YOUR ASSIGNMENT: Go to the line holding "Burberry Black Jacket" in the entries below and write out exactly every line down to and including the line holding "Toyota Alphard, 2015 17".

EXTRACTED RECORDS:
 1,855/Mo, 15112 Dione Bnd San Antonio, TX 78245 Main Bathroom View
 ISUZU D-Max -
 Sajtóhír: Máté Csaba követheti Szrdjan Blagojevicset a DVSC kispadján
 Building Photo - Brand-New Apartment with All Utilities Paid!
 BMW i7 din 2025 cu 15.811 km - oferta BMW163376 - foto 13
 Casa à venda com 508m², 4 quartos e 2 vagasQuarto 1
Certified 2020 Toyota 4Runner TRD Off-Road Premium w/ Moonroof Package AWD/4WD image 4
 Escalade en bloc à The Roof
...
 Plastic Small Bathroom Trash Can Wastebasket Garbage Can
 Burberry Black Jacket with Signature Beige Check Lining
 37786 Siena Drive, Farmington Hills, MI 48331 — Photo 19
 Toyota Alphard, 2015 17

TASK RESPONSE:
 Burberry Black Jacket with Signature Beige Check Lining
 37786 Siena Drive, Farmington Hills, MI 48331 — Photo 19
 Toyota Alphard, 2015 17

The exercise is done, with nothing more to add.